"We at NYSPACE learn not only what is currently on the market, but what will be on the market next week, next month or next year."
his section is rather long, but extremely important. Nothing can be fully comprehensive, even in such length - it would take volumes. And every tenants needs are somewhat unique. We at NYSPACE pride ourselves at bringing a technical approach in comparing the several spaces a tenant will be (and should be) considering and negotiating for, and make every effort to keep our tenants fully informed of all such comparisons and their ramifications. So with this caveat, we hope you find this informative.

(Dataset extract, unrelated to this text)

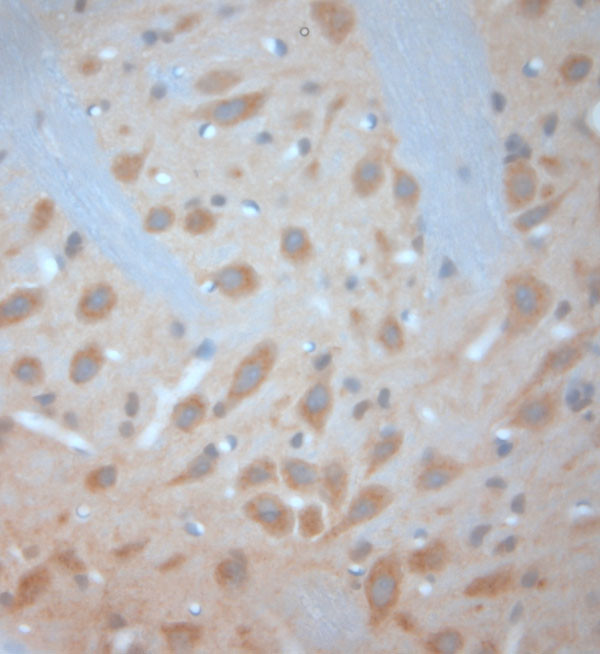 VTI1B Antibody in Immunohistochemistry (Paraffin) (IHC (P))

NYSPACE has all available listings in Manhattan. We receive mailings from owners and owner's agents. We subscribe to the computer listing services. But most importantly, we also use our own network of experienced brokers to make daily contact with building owners and agents, and others who, for one reason or another, are not in the computer listings and/or are not represented by agents. By this personal contact we at NYSPACE learn not only what is currently on the market, but what WILL BE on the market next week, next month or next year. Each of our professional tenant representatives are experts in a specific geographic region of Manhattan and do their own tracking of that area, making our in-house data base the most accurate and up-to-date of any in the city. This information is shared by the entire office. In times of low vacancy rates, like now, it is just human nature for some landlords and their leasing agents to hold back some information from the mailings and the listing services, especially small spaces about to come to the market. Because of our long-term relationships with these owners and agents, we know about these spaces too. This comprehensive and cooperative approach has helped make us, we believe, the most competitive brokers in Manhattan, and the best tenant-only firm.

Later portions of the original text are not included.